Exercise prompt: When you write out the records, keep every word exact and drop the pictures.

(Captioned web images)
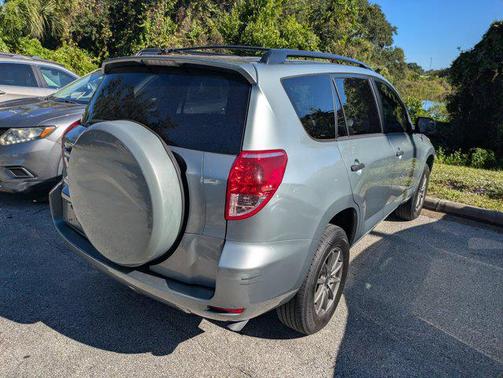2006 Toyota RAV4 Base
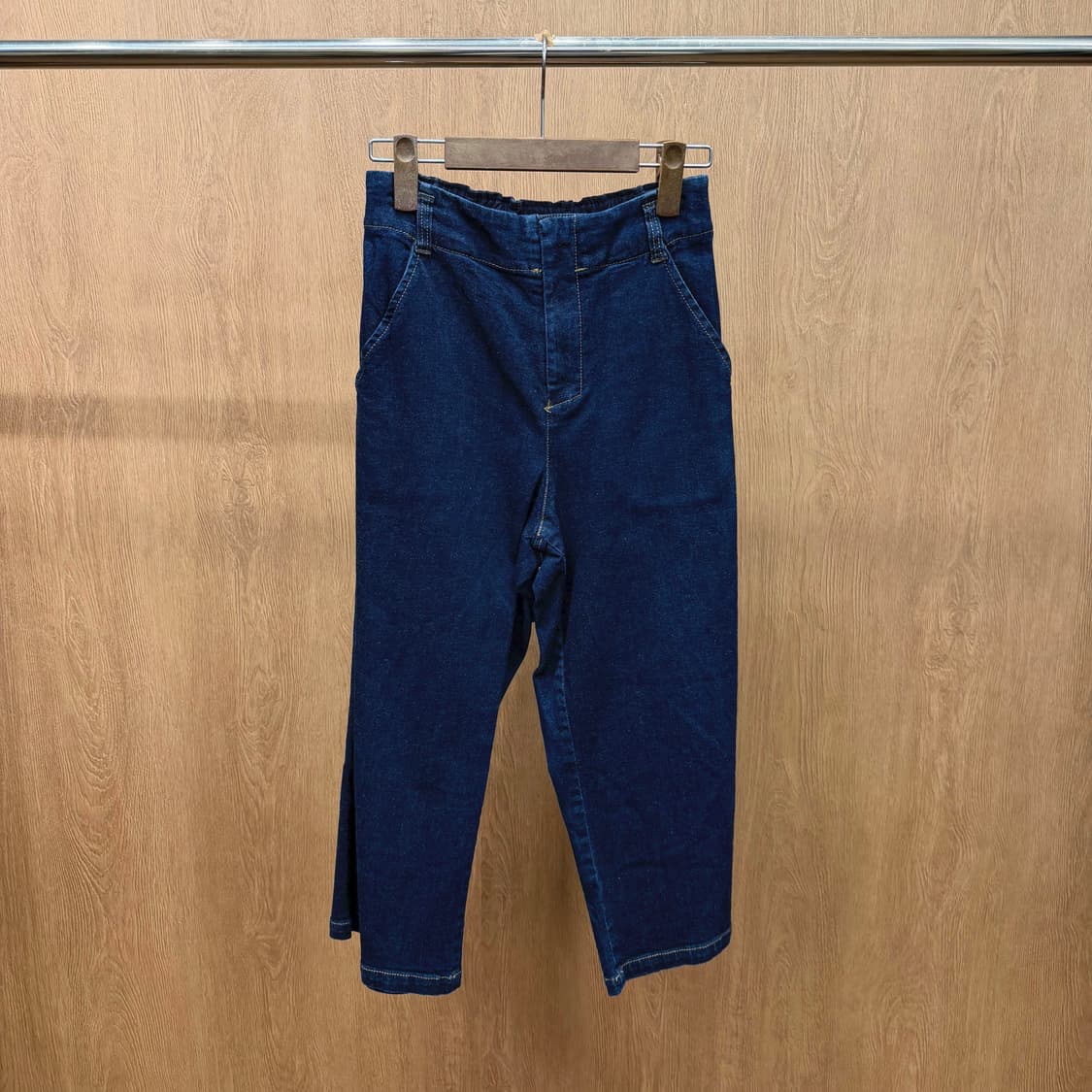 이세이미야케 플랜테이션 코튼 데님 팬츠 밴딩 사이드 포켓 디테일 진청 상품이미지3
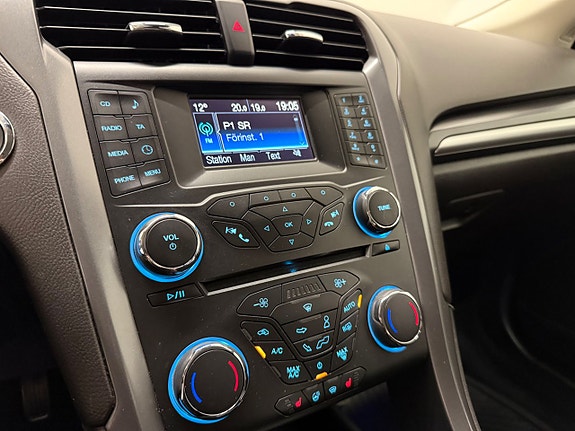 Ford Mondeo 13 of 20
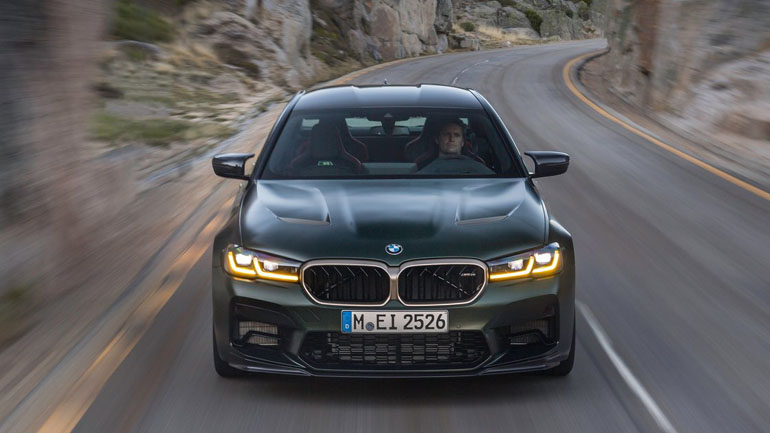 Οι προβολείς έχουν κίτρινο φως όπως στις παλιές BMW M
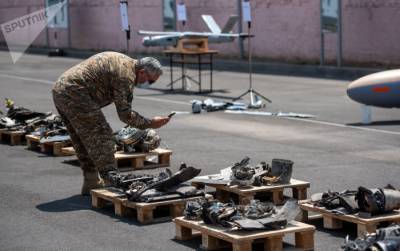 В Ереване показали сбитые и захваченные дроны ВС Азербайджана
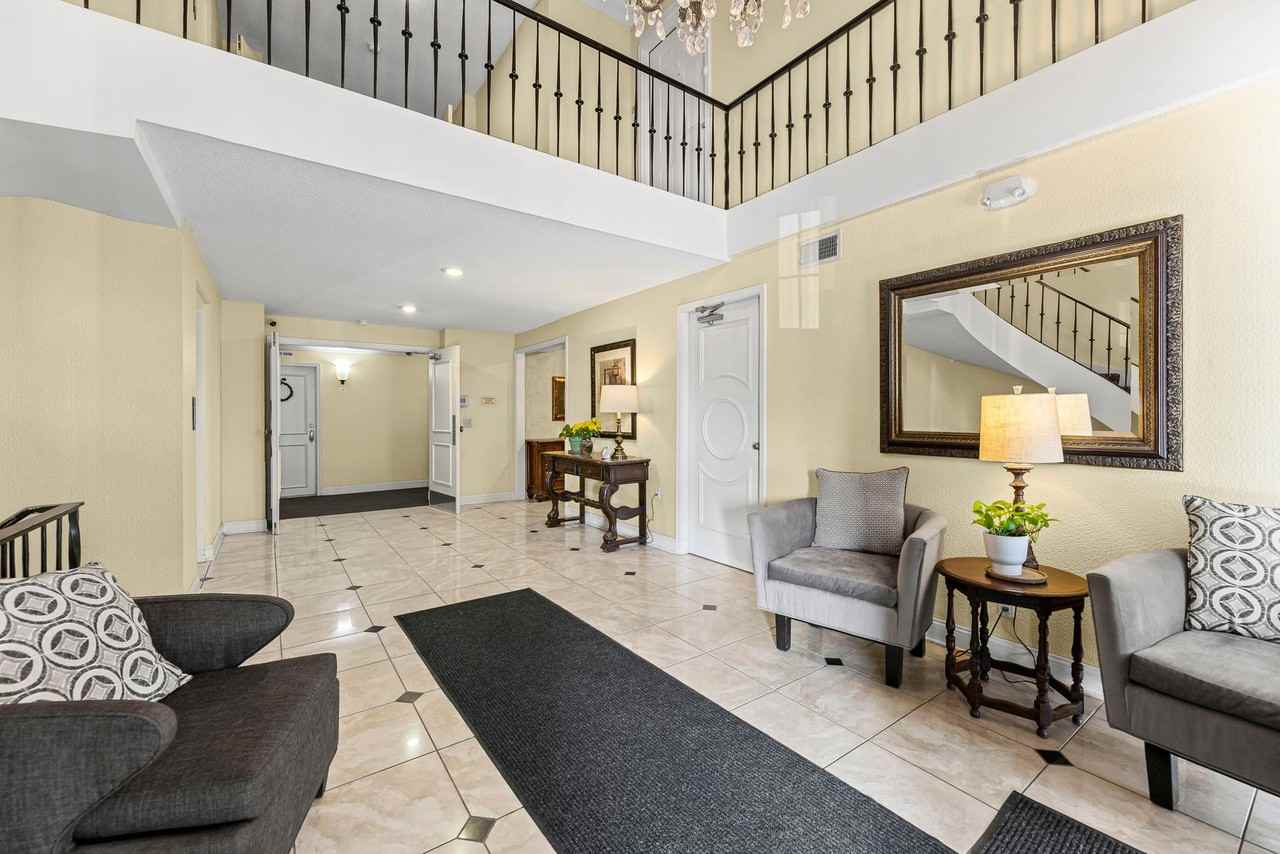 Marseille Apartments - Photo 3 of 8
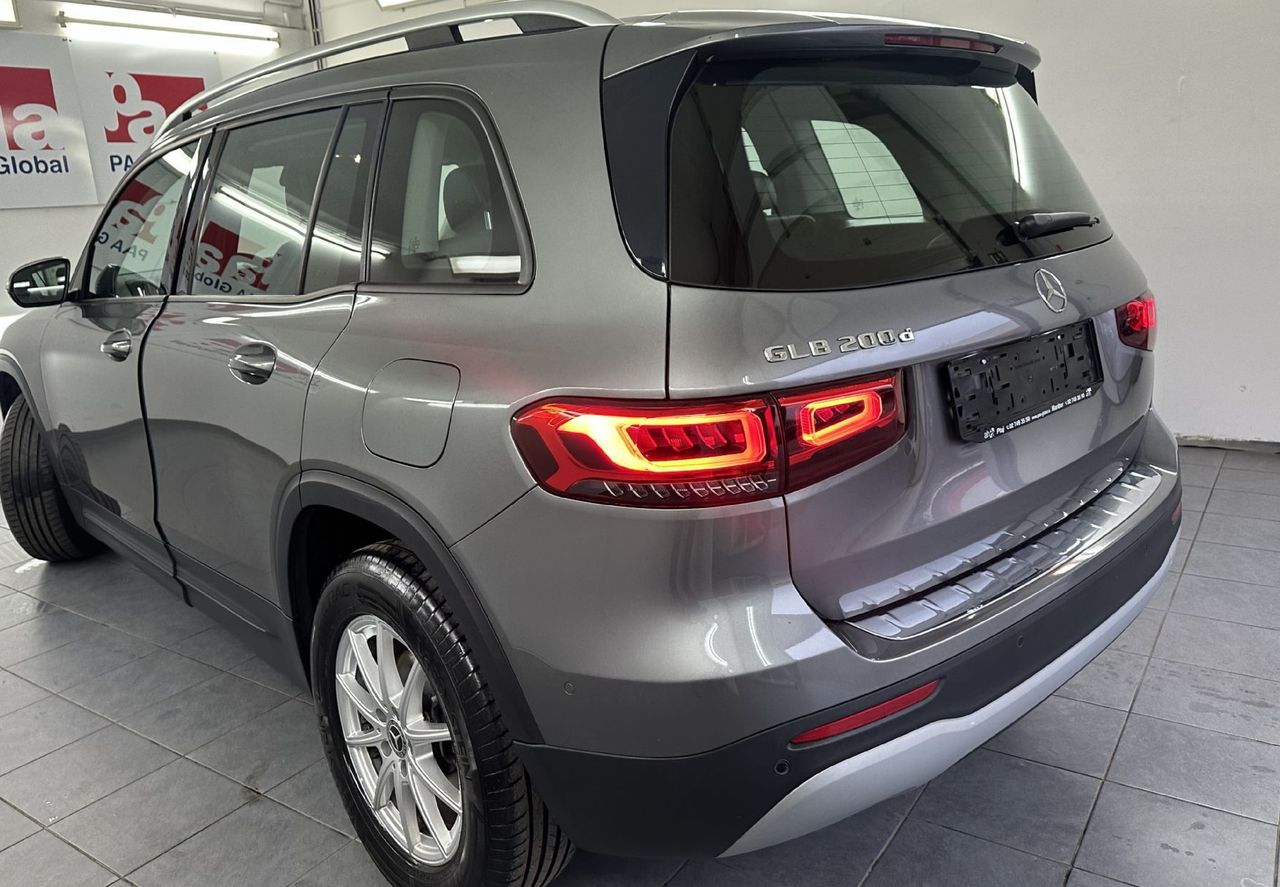 Zunanja slika - Mercedes-Benz GLB-Razred - GLB 200 d.KAMERA.USNJE.ACC.LED.NAVI.SAMO 137.000KM - 5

Exercise response:
2006 Toyota RAV4 Base
 이세이미야케 플랜테이션 코튼 데님 팬츠 밴딩 사이드 포켓 디테일 진청 상품이미지3
 Ford Mondeo 13 of 20
 Οι προβολείς έχουν κίτρινο φως όπως στις παλιές BMW M
 В Ереване показали сбитые и захваченные дроны ВС Азербайджана
 Marseille Apartments - Photo 3 of 8
 Zunanja slika - Mercedes-Benz GLB-Razred - GLB 200 d.KAMERA.USNJE.ACC.LED.NAVI.SAMO 137.000KM - 5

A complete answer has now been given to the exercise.